Caption-style text data
——

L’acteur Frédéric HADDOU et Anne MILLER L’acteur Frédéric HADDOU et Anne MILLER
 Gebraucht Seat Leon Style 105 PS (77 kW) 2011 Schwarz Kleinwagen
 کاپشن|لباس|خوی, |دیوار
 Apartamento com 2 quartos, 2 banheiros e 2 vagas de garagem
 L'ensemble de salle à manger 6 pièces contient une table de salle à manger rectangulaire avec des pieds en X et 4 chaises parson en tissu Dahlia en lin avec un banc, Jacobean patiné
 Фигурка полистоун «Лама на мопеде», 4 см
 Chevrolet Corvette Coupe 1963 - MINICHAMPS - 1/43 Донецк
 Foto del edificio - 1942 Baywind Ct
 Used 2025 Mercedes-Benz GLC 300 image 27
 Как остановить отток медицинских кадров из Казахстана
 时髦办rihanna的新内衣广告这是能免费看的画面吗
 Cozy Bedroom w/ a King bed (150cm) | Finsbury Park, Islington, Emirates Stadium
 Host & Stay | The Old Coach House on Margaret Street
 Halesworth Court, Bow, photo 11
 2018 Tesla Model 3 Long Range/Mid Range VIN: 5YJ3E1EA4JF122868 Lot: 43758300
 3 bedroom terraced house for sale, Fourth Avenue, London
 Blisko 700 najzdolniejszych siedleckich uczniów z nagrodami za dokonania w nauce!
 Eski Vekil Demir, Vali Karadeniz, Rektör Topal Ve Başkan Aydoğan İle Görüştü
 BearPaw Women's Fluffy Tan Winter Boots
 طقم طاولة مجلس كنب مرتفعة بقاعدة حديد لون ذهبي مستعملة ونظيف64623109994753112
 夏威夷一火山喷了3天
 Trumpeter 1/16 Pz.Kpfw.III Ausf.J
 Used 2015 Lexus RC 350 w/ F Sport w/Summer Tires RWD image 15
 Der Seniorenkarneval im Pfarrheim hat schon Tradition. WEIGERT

——

Task statement
Give the data again. Keep every line identical.

Response area
L’acteur Frédéric HADDOU et Anne MILLER L’acteur Frédéric HADDOU et Anne MILLER
 Gebraucht Seat Leon Style 105 PS (77 kW) 2011 Schwarz Kleinwagen
 کاپشن|لباس|خوی, |دیوار
 Apartamento com 2 quartos, 2 banheiros e 2 vagas de garagem
 L'ensemble de salle à manger 6 pièces contient une table de salle à manger rectangulaire avec des pieds en X et 4 chaises parson en tissu Dahlia en lin avec un banc, Jacobean patiné
 Фигурка полистоун «Лама на мопеде», 4 см
 Chevrolet Corvette Coupe 1963 - MINICHAMPS - 1/43 Донецк
 Foto del edificio - 1942 Baywind Ct
 Used 2025 Mercedes-Benz GLC 300 image 27
 Как остановить отток медицинских кадров из Казахстана
 时髦办rihanna的新内衣广告这是能免费看的画面吗
 Cozy Bedroom w/ a King bed (150cm) | Finsbury Park, Islington, Emirates Stadium
 Host & Stay | The Old Coach House on Margaret Street
 Halesworth Court, Bow, photo 11
 2018 Tesla Model 3 Long Range/Mid Range VIN: 5YJ3E1EA4JF122868 Lot: 43758300
 3 bedroom terraced house for sale, Fourth Avenue, London
 Blisko 700 najzdolniejszych siedleckich uczniów z nagrodami za dokonania w nauce!
 Eski Vekil Demir, Vali Karadeniz, Rektör Topal Ve Başkan Aydoğan İle Görüştü
 BearPaw Women's Fluffy Tan Winter Boots
 طقم طاولة مجلس كنب مرتفعة بقاعدة حديد لون ذهبي مستعملة ونظيف64623109994753112
 夏威夷一火山喷了3天
 Trumpeter 1/16 Pz.Kpfw.III Ausf.J
 Used 2015 Lexus RC 350 w/ F Sport w/Summer Tires RWD image 15
 Der Seniorenkarneval im Pfarrheim hat schon Tradition. WEIGERT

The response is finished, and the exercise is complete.